- REQUIRED ACTION -
Write out exactly the lines below from the one containing "DANIEL KLEIN Women's" to the last, both ends kept, and nothing more; skip all pictures.

- INFORMATION SUPPLIED -
****
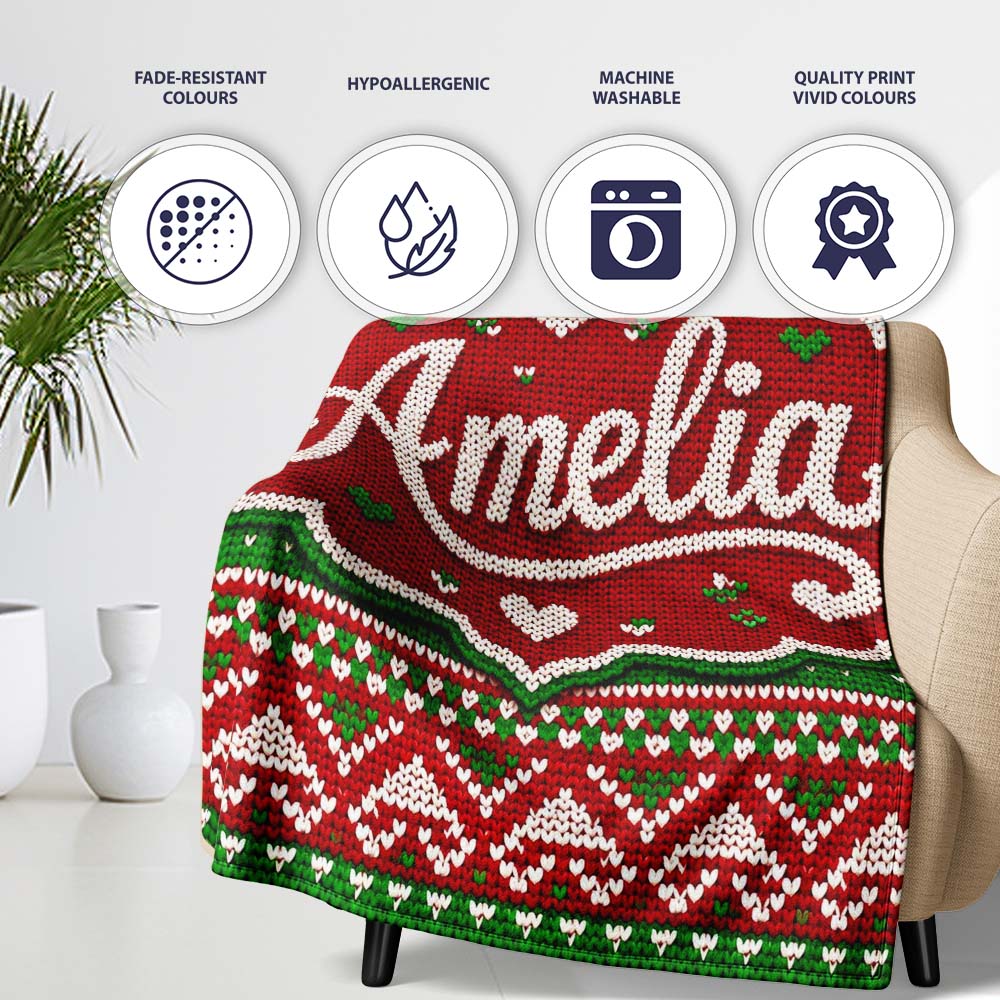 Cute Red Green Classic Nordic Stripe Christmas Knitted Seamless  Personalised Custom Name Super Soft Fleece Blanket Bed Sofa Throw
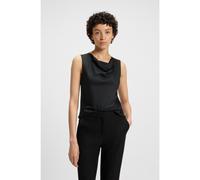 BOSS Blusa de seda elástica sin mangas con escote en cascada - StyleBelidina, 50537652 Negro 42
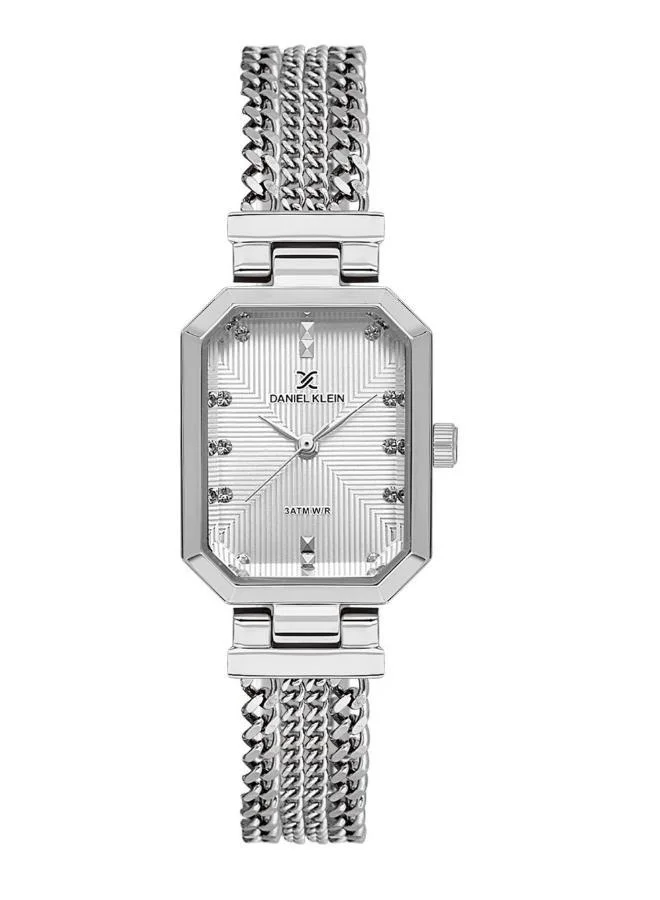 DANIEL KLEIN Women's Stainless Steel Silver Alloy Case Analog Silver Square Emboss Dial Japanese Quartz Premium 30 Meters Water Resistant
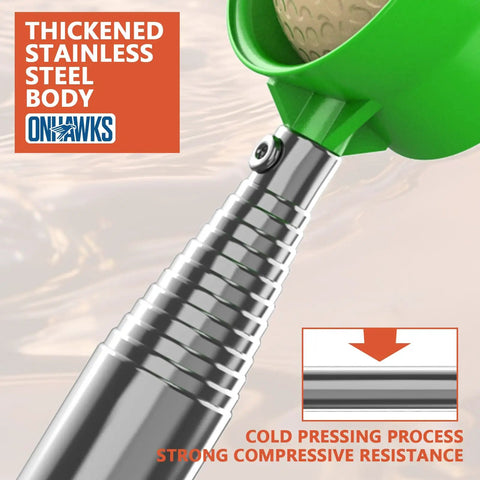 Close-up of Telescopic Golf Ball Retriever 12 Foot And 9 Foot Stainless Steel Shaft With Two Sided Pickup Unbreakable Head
****
- TASK OUTPUT -
 DANIEL KLEIN Women's Stainless Steel Silver Alloy Case Analog Silver Square Emboss Dial Japanese Quartz Premium 30 Meters Water Resistant
 Close-up of Telescopic Golf Ball Retriever 12 Foot And 9 Foot Stainless Steel Shaft With Two Sided Pickup Unbreakable Head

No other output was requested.